Material to process:
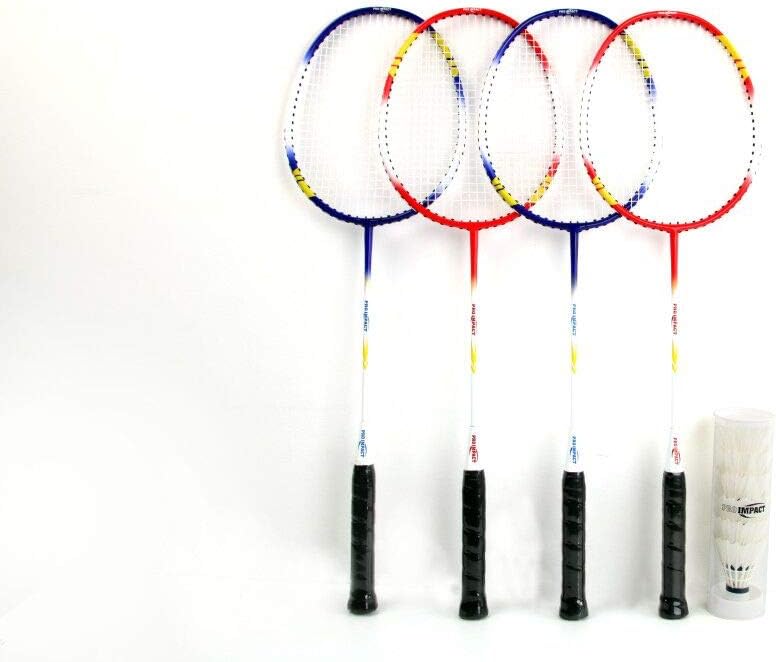 Pro Impact Badminton Racket Set - Lightweight Aluminum Head Rackets with Steel Shaft, Feather Shuttlecocks, Durable Carrying Case - Perfect for Outdoor Games, Adults, Kids, and Family Fun - Image 3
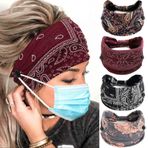 Olbye Kadınlar ve Kızlar için Düğmeli Bohem Saç Bantları - Egzersiz, Yoga, Spor Saç Eşarpları, Maske Kulak Koruyucular için Geniş Kaymaz Elastik Türban Başlıklar, 4 Adet (#7 Şık)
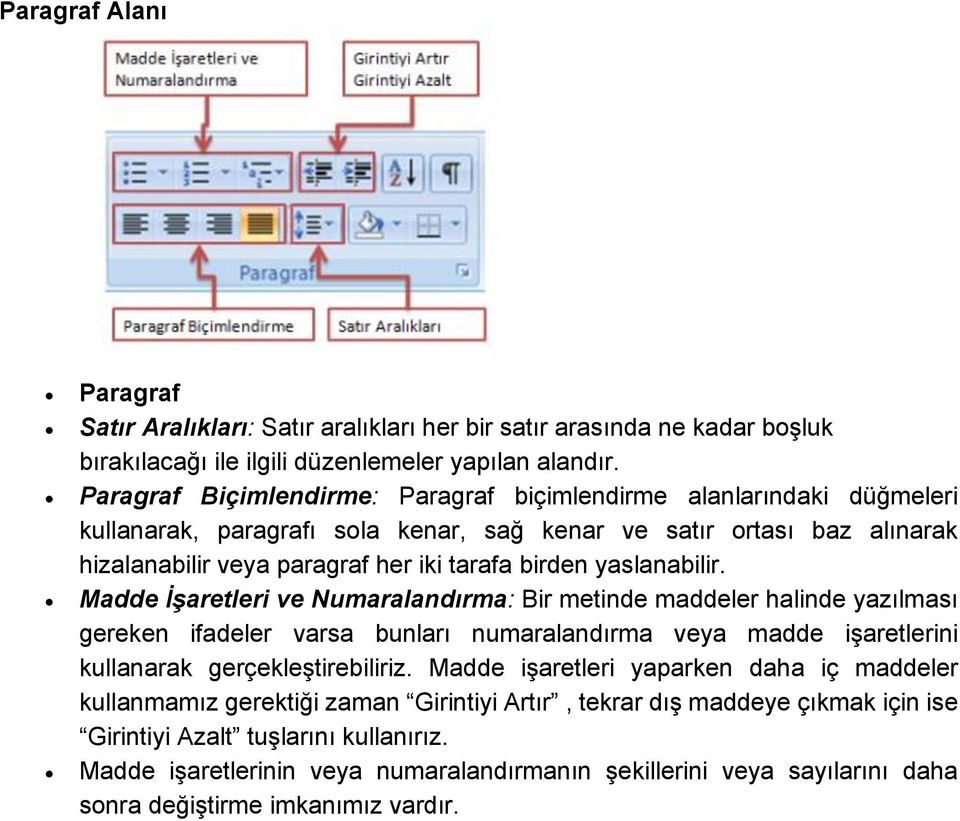 yaslanabilir. Madde İşaretleri ve Numaralandırma: Bir metinde maddeler halinde yazılması gereken ifadeler varsa bunları numaralandırma veya madde işaretlerini kullanarak gerçekleştirebiliriz.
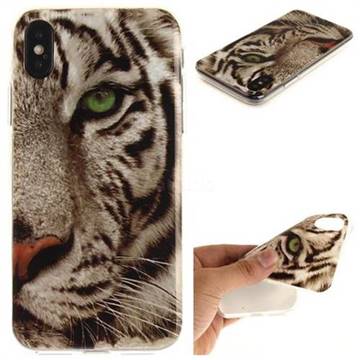 White Tiger IMD Soft TPU Back Cover for iPhone XS / X / 10 (5.8 inch)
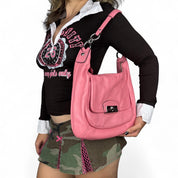 Vintage Coach Pink Leather Convertible Shoulder Bag
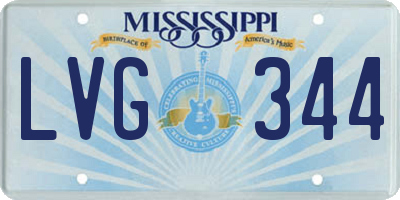 MS license plate LVG344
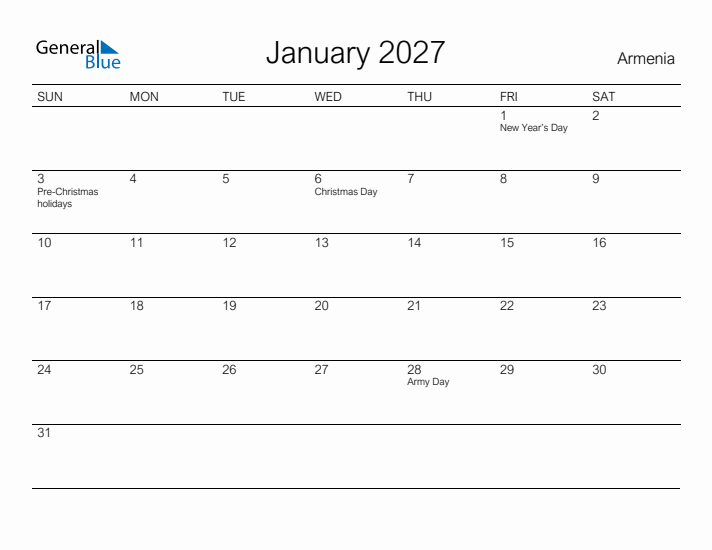 Printable January 2027 Calendar for Armenia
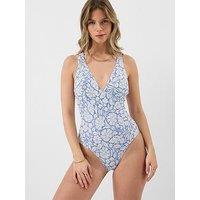 Accessorize Floral Print Cross Back Plunge Swimsuit - Blue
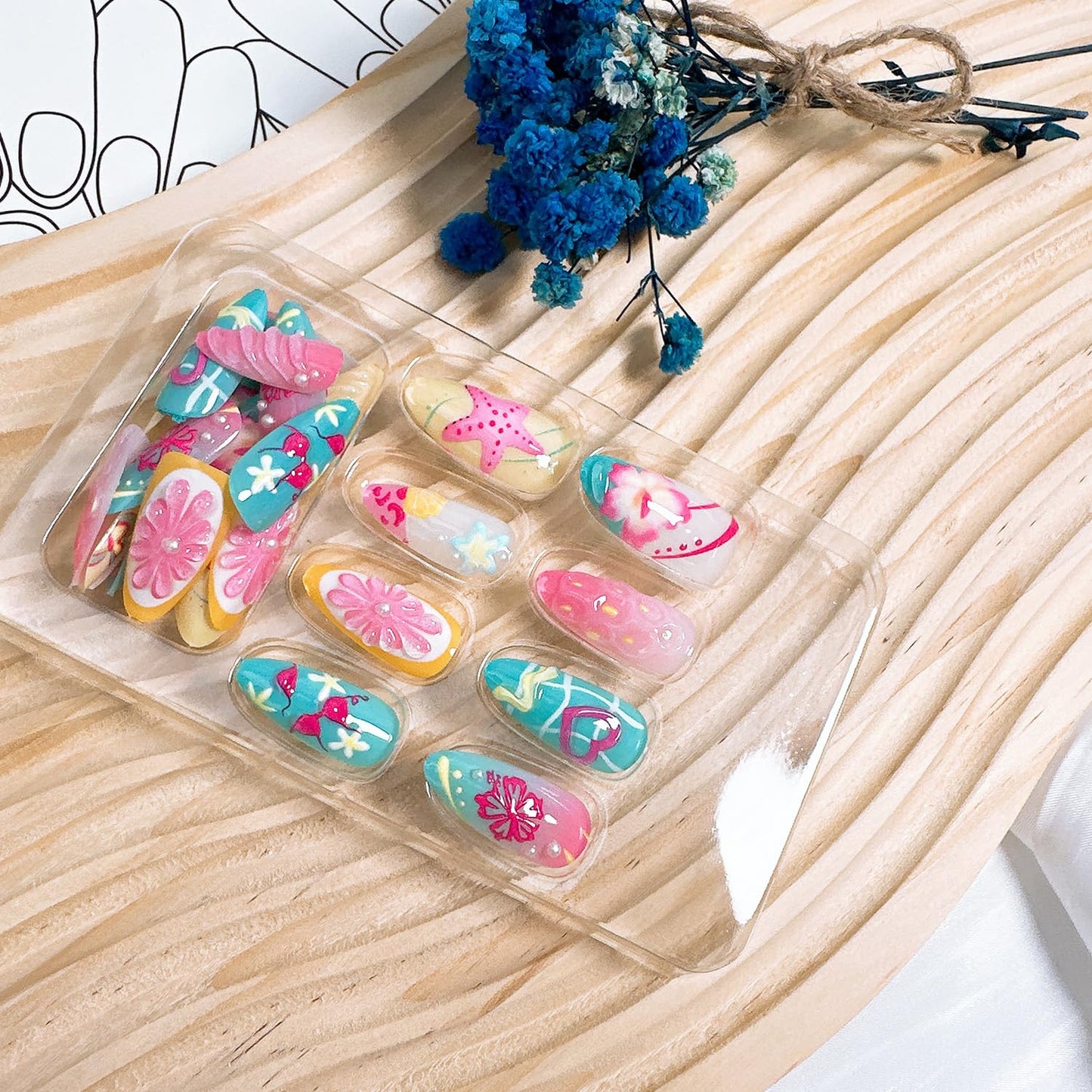 30Pcs Handmade Press on Nails Medium Almond Fake Nails with 3D Designs Summer Beach Acrylic Nails Seashell Flower Glue on Nails Heart Starfish False Nail Lemon Butterfly Stick on Nail for Women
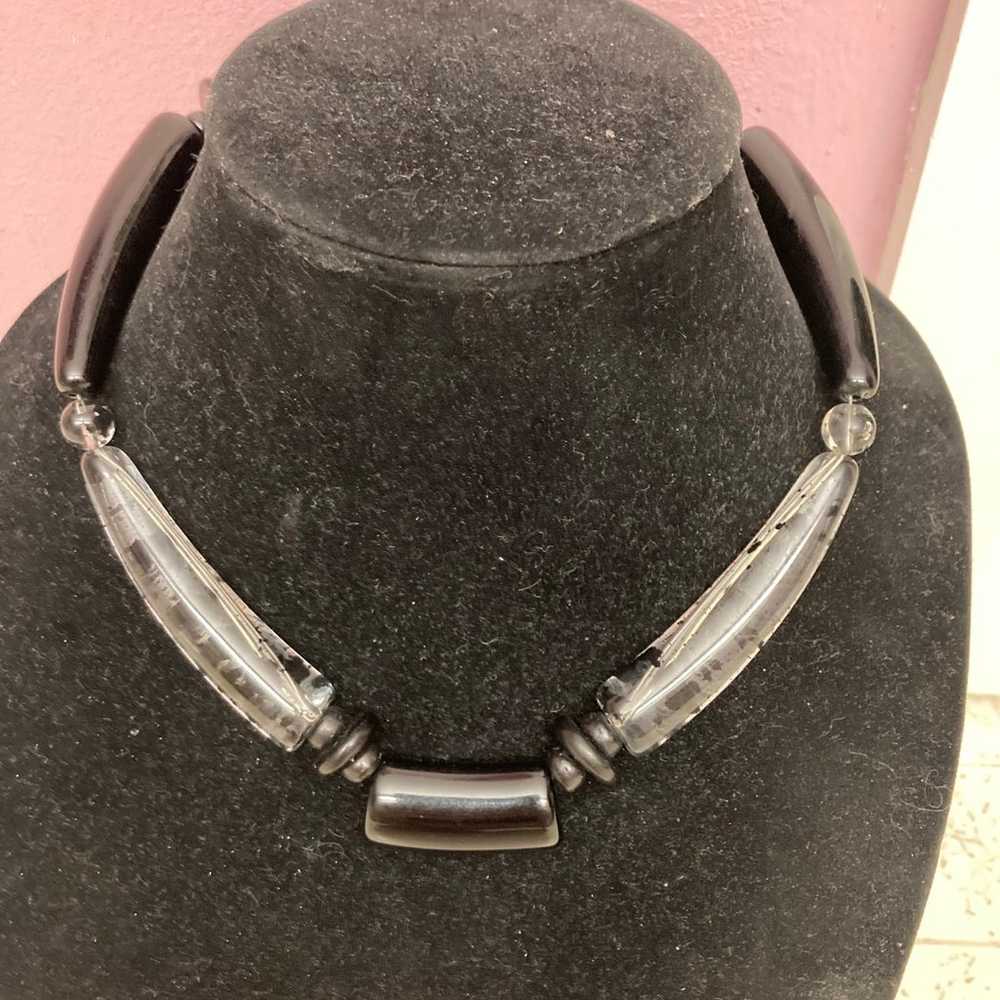 Black and White Choker Necklace - image 1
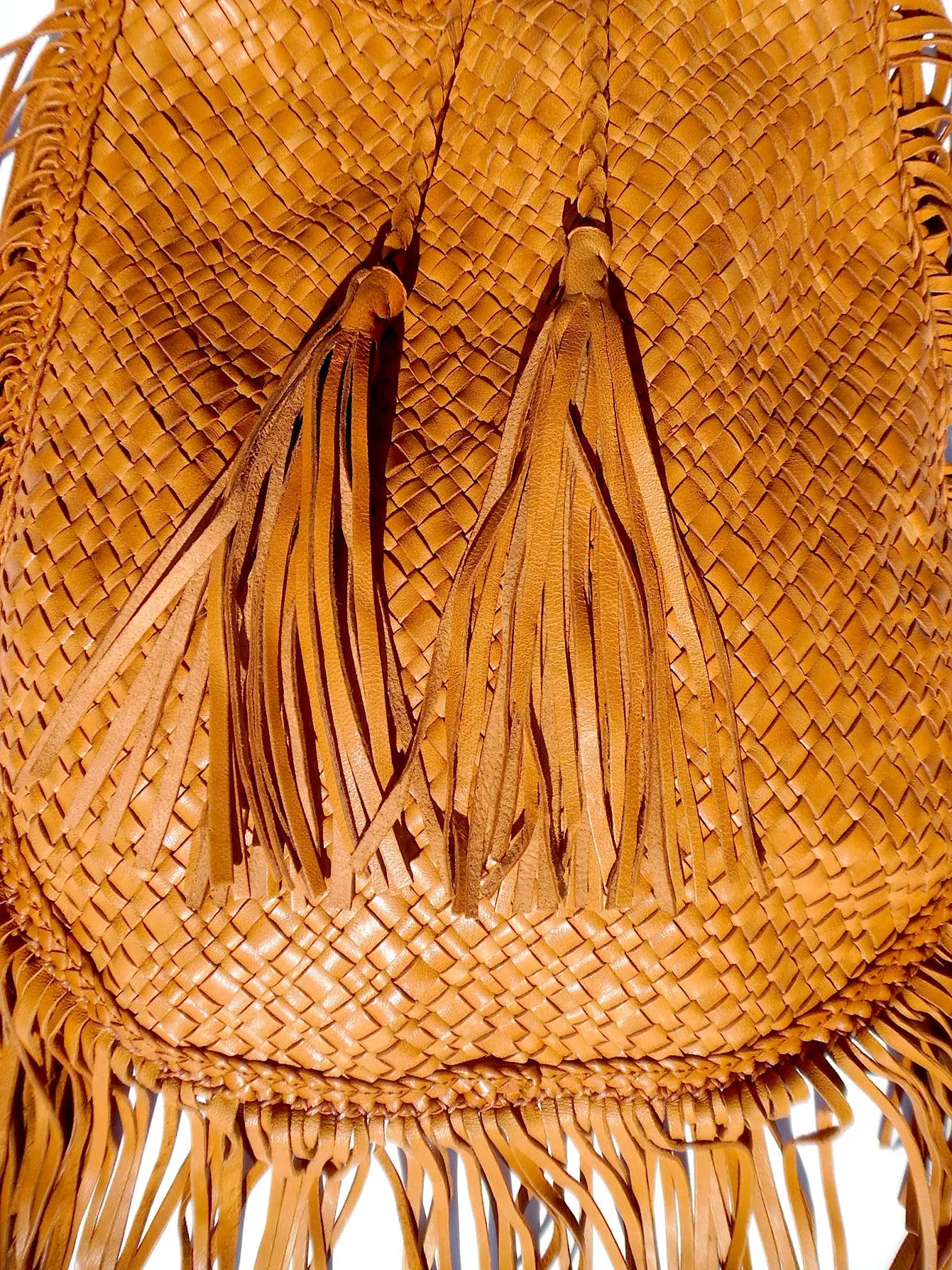 Hand Woven Leather Shoulder Cross Body Bag And Fringe Cognac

Your goal: Exactly as written, restate the lines from the one that contains "Olbye Kadınlar ve" through the final line of the data, both ends included, but leave out the pictures.

Answer to the problem:
 Olbye Kadınlar ve Kızlar için Düğmeli Bohem Saç Bantları - Egzersiz, Yoga, Spor Saç Eşarpları, Maske Kulak Koruyucular için Geniş Kaymaz Elastik Türban Başlıklar, 4 Adet (#7 Şık)
 yaslanabilir. Madde İşaretleri ve Numaralandırma: Bir metinde maddeler halinde yazılması gereken ifadeler varsa bunları numaralandırma veya madde işaretlerini kullanarak gerçekleştirebiliriz.
 White Tiger IMD Soft TPU Back Cover for iPhone XS / X / 10 (5.8 inch)
 Vintage Coach Pink Leather Convertible Shoulder Bag
 MS license plate LVG344
 Printable January 2027 Calendar for Armenia
 Accessorize Floral Print Cross Back Plunge Swimsuit - Blue
 30Pcs Handmade Press on Nails Medium Almond Fake Nails with 3D Designs Summer Beach Acrylic Nails Seashell Flower Glue on Nails Heart Starfish False Nail Lemon Butterfly Stick on Nail for Women
 Black and White Choker Necklace - image 1
 Hand Woven Leather Shoulder Cross Body Bag And Fringe Cognac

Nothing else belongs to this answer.